不正受給の内容別では、「働いて得た収入の無申告」(件数全体の47%)、「年金収入の無申告」(同21%)などが目立った。不正が見つかったきっかけは、行政側の調査が大半だが、外部からの通報も6%あった。
不正受給額の増加は3年連続で、09年度と比べ倍増した。生活保護を受ける人が増え続けていることが背景にあるが、不正の増加ペースは受給者全体の伸びより大きい。生活保護費全体に占める不正分の割合は、09年度の0・34%から12年度は0・53%に上がった。

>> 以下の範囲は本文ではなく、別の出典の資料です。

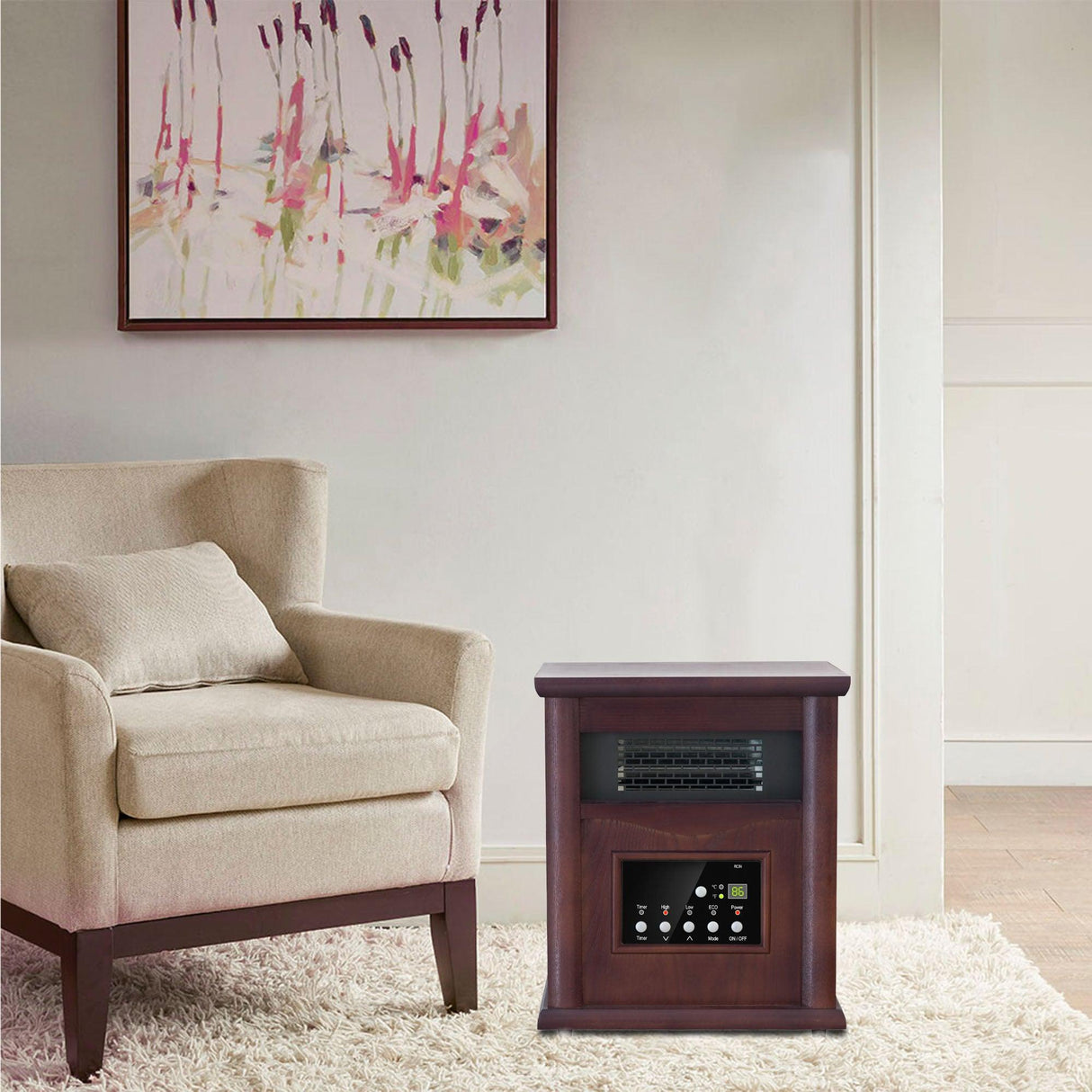 1500-Watt Electric Cabinet 4 Quartz Infrared Heater Wood with LED Digital Screen, Remote Control and Timer-Parc Decor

厚労省は「各地の自治体が、受給者の課税状況や年金収入の調査を強化した効果が表れている」と説明する。同省は11年に自治体に調査の徹底を求め、転出した人や受給が終わった人も含めて、チェックを強化した。ただ、収入を得たのに税務申告しないといったケースまで見つけるのは難しく、担当者は「全容をどこまで把握できているかはわからない」とも漏らす。
不正受給に対する厳しい世論や与党の声を受け、政府は対策をさらに強める姿勢だ。昨年に生活保護法を改正し、自治体が受給者の求職活動や健康状態などを調べる権限を明記。罰則も7月から強化する。